4. If I could only offer one tip about how to get the most out of an internship - it would be this.
Offer to help people all over the company – don’t feel restricted to the department you’re originally placed in.

5. How did you find it working in a foreign language?
In the beginning it was definitely an uphill battle at the office language-wise. In my two years at university, no one had taught me the word for ‘edge-stitching’ or ‘haberdashery’! In my first week I came across technical words that I hadn’t even heard of in English let alone in Italian! If I could give advice to anyone nervous about starting an internship in another language – if you don’t understand what they’ve said, just smile and ask them to explain. Don’t suffer in silence, otherwise you’ll misunderstand and make some big mistake in your work. If you make an effort to get on with your colleagues then not only will you improve your language by speaking more, but they’ll also be willing to help you when you need it. At the end of the day, working abroad is (in my opinion) the best way to improve your language, as you’re completely surrounded by natives. So although the first few weeks will be hard, muddle through and it will become easier!

6. What else did you do to improve your Italian?
I decided I needed to live with Italians to really immerse myself in the culture and also to make some friends. I found the city’s notice board and simply called people who were advertising spare rooms. I shared a flat with two wonderful Italian girls who were studying at university in Modena and through them I met their friends and families. I only watched Italian TV and only read books in Italian – so I had virtually no contact with English! I also got involved with a charity based in Modena called Modena Terzo Mondo and I volunteered to translate their website into English.
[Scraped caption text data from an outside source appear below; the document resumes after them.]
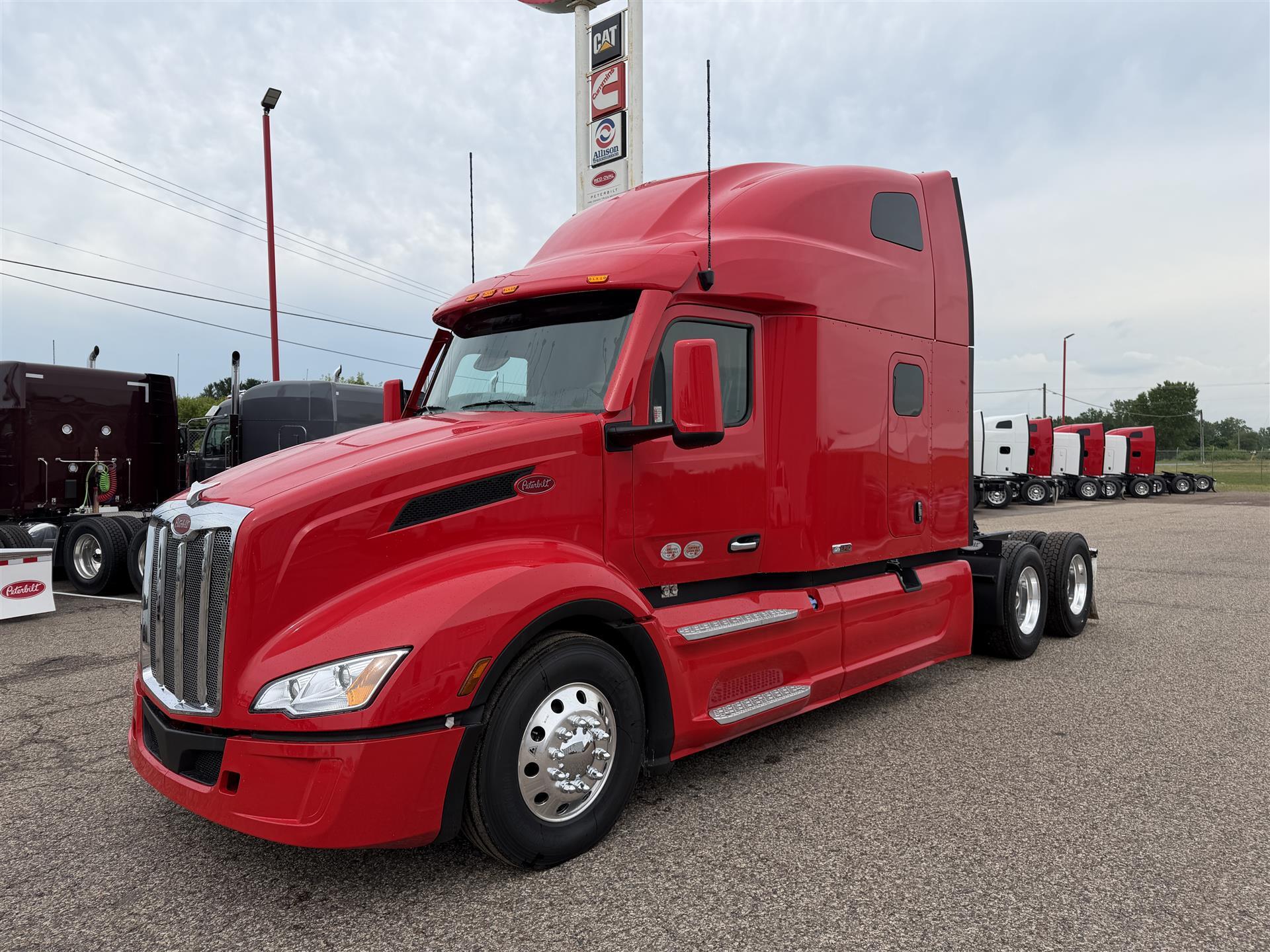 2027 PETERBILT 579 in Eau Claire, WI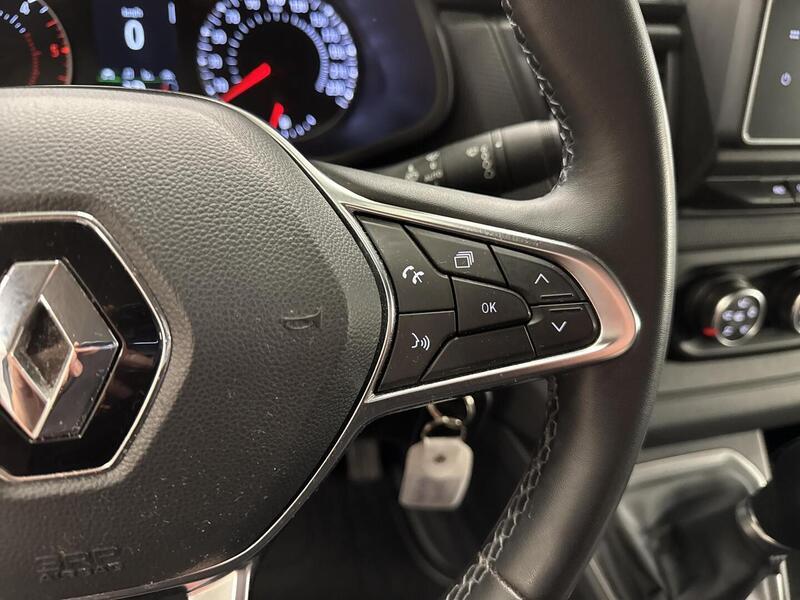 Renault Trafic vaihtoauto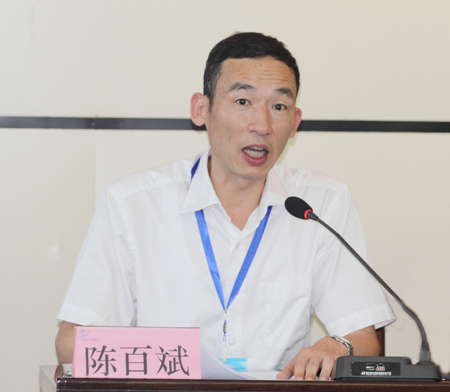 华亿(中国)一站式服务平台党委副书记陈百斌主持会议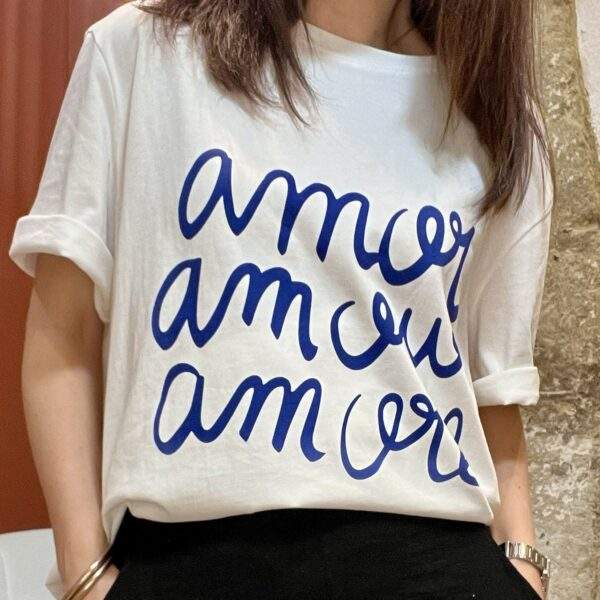 T-shirt AMOR – Message d’amour en style graphique – Image 3
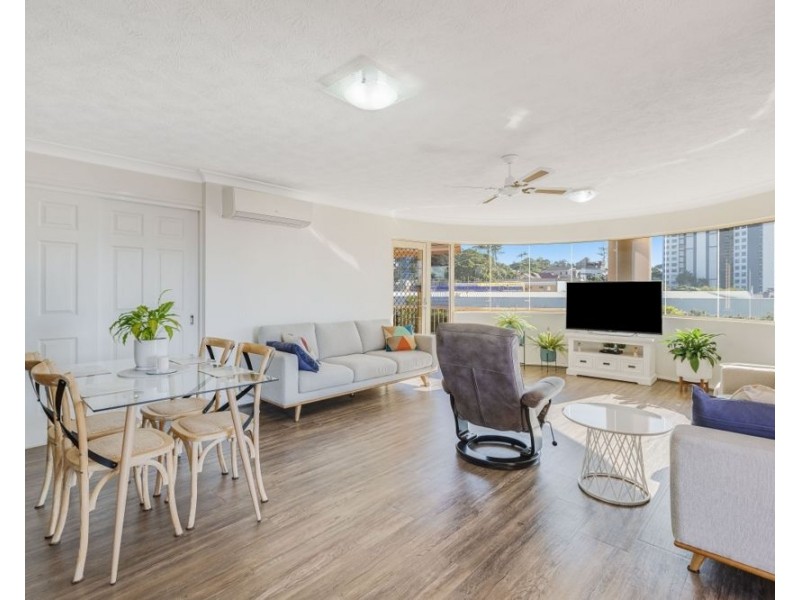 1/43 Mclean Street, Coolangatta QLD 4225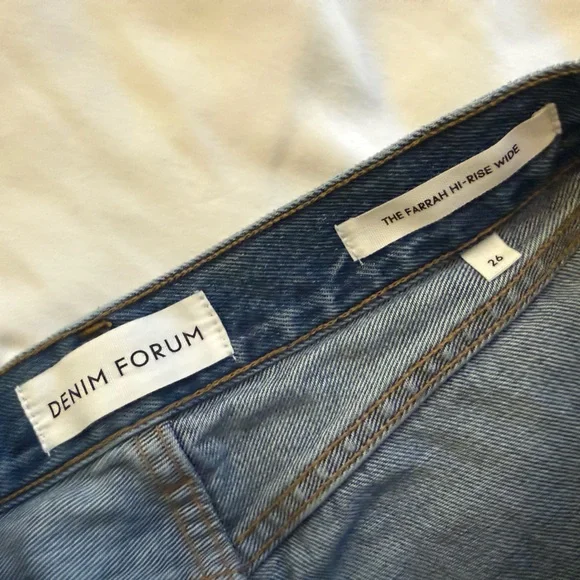 Aritzia - Denim Forum The Farrah Hi-Rise Wide Jean (5 Yrs Kiss N Tell Blue) - Picture 9 of 10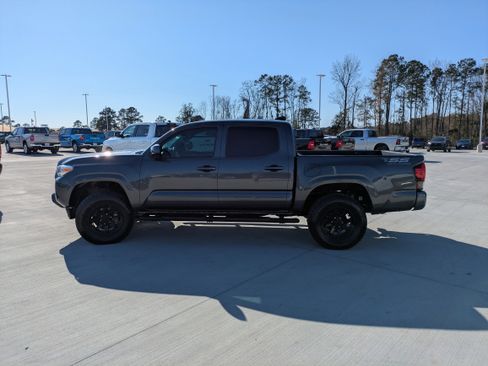 Certified 2023 Toyota Tacoma SR image 4
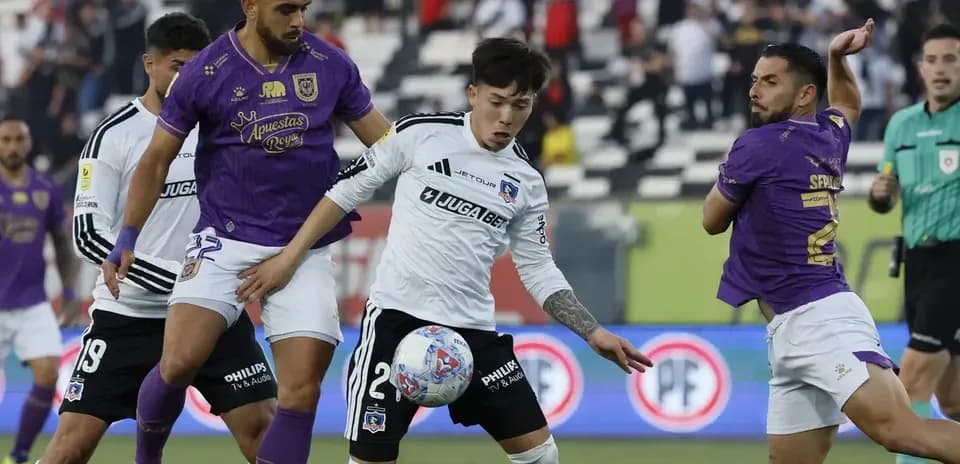 Jugadores compitiendo en el partido Colo Colo vs Concepción
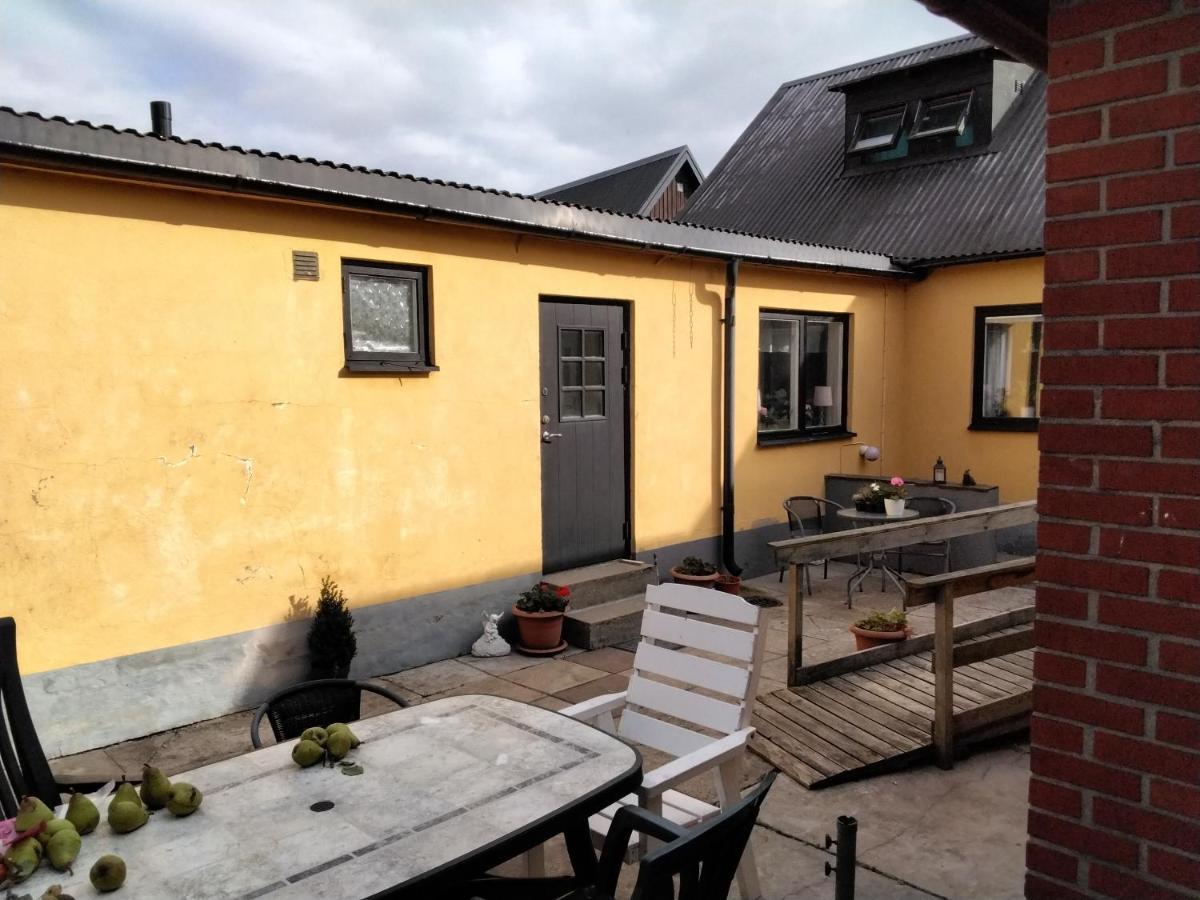 Bo I Trelleborg Apartment Екстериор снимка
I ended up translating roughly 17,000 words for the website and alongside helping the charity, it gave me invaluable translation experience and really improved my Italian.

modena 2





















7. What did you do outside of work?
Once I’d settled into the city and felt comfortable, I started to get itchy feet and I began to travel to other parts of Italy, almost every weekend in fact! On a Monday morning my colleagues used to marvel at where I’d been each weekend, and I do feel like I’ve seen a lot more of Italy than many Italians themselves! Seek out the cheaper train tickets on Trenitalia by buying them in advance and even look into getting an InterRail ticket as it may work out cheaper if you’re travelling long distances.

One other important thing to remember is that most offices in Italy close for at least two weeks during August and everyone goes on holiday, so make sure you book early to avoid paying extortionate rates for transport and accommodation.

8. Do you think the experience helped you prepare for the job hunt after your degree?
Definitely. Having such a well-known brand on my CV definitely resonates with potential employers, and I know that being able to work in a foreign country, and more importantly in a foreign language, was the key reason that I got a place on the graduate scheme I’m now on. Doing an Erasmus Work Placement is a great way to stand out from the crowd, as most other graduates will only have had summer internships (which are shorter), so you’ll immediately have an advantage over thousands of other applicants.

9. Overall did you enjoy the experience?
Working abroad in Italy was one of the highlights of my entire degree and I’d recommend it to anyone – not only will you have a brilliant time living and breathing the culture, but you’ll instantly become a sought-after graduate with international experience!